Hietzing im Aufruhr: FPÖ enthüllt brisanten Immobiliendeal und fordert Aufklärung
Heute ist der 28.06.2026 und in Hietzing brodelt’s gewaltig – und das nicht nur wegen der sommerlichen Hitze! Die Wiener FPÖ fordert eine „lückenlose Aufklärung“ rund um den Verkauf der ehemaligen städtischen Krankenpflegeschule, die in der Jagdschlossgasse steht. Ein Deal, der die Wogen hochgehen lässt, denn die Freiheitlichen sprechen von einem „handfesten SPÖ-Skandal“. Irgendwie kommt mir das bekannt vor. Wie oft haben wir schon von fragwürdigen Immobiliengeschäften gehört, bei denen die Steuerzahler am Ende leer ausgehen? Hier ist es nicht anders: Während einige wenige Investoren sich die Taschen vollstopfen, bleiben die Bürger auf der Strecke.
Der FP-Landesparteichef Dominik Nepp hat sich nun zu Wort gemeldet und schlägt die Einrichtung einer „unabhängigen Sonderkommission“ vor, um dem Ganzen auf den Grund zu gehen. Das klingt nach einer guten Idee, oder? Ein entsprechender Antrag wird im kommenden Gemeinderat im Herbst eingebracht. Nepp möchte dabei insbesondere die Rolle von Bürgermeister Michael Ludwig, der damals als Wohnbaustadtrat agierte, hinterfragen. Immerhin, auf einem 1,5 Hektar großen Areal, das 2014 von der Stadt Wien ohne Ausschreibung für 12,5 Millionen Euro an den SP-Wien-nahe Bauträger BAI verkauft wurde, könnte es einiges zu klären geben. Und das ist noch lange nicht alles!
Rätsel um den Weiterverkauf
Sieben Jahre nach dem Kauf wurde die Liegenschaft für 18 Millionen Euro an einen Grazer Immobilienentwickler weiterverkauft. Ein hübsches Geschäft für den neuen Eigentümer, würde ich sagen! Doch die Stadt Wien kann nicht am Gewinn partizipieren, weil eine vertragliche Nachbesserungsklausel bei der „Begründung von Wohnungseigentum“ nicht greift. Das lässt einen schon ein bisschen schmunzeln – oder eher schaudern, wenn man bedenkt, dass in der Jagdschlossgasse bis 2024 ausschließlich Luxuswohnungen im Eigentum verkauft wurden. Und der vormals öffentliche Park? Abgeriegelt und nicht mehr zugänglich für die Bevölkerung. Einfach schade, wenn man bedenkt, wie wichtig solche Grünflächen für die Gemeinschaft sind.
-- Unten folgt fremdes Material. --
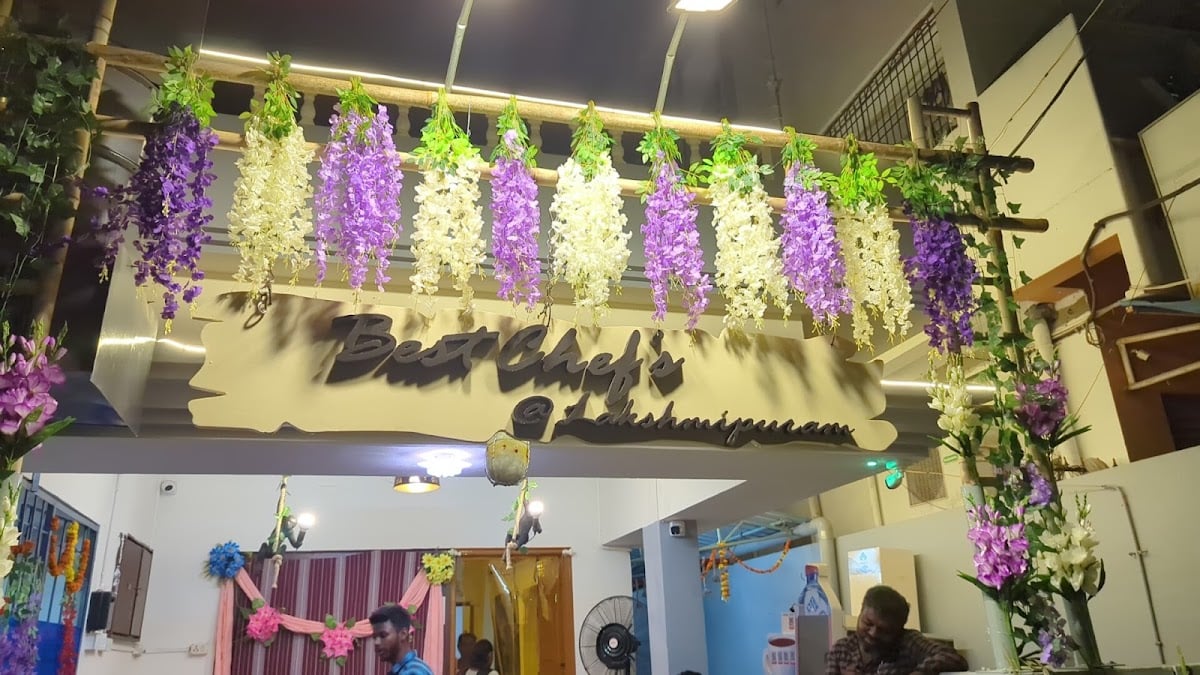 Best Chef's @ Laxmipuram — photo by Aneesh Grandi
Diese Vorgänge werfen Fragen auf, die sich in der Stadt Wien nicht nur um Hietzing drehen. Ein Blick auf die Vergabeplattform eVergabe+ des Auftragnehmerkatasters Österreich (ANKÖ) zeigt, dass die Durchführung von Ausschreibungen und die Kommunikation mit Bietern über festgelegte Kanäle erfolgen muss. Eine qualifizierte digitale Signatur ist notwendig, um Angebote abzugeben. Das klingt alles sehr formal, aber in der Realität könnte das bedeuten, dass einige Dinge nicht so laufen, wie sie sollten. Wer hat hier das Sagen? Und wer sorgt dafür, dass alles rechtmäßig verläuft?
In der Hietzinger Causa wird klar: Die Stadt könnte von den Vorgängen profitieren, wenn Transparenz herrscht und die Verantwortlichen zur Rechenschaft gezogen werden. Doch bis dahin bleibt nur abzuwarten, ob die geplante Sonderkommission Licht ins Dunkel bringt oder ob wir weiterhin mit Fragen zurückgelassen werden. Eines steht fest: Die Wiener Bevölkerung hat ein Recht darauf, zu erfahren, was wirklich hinter diesen Immobiliengeschäften steckt.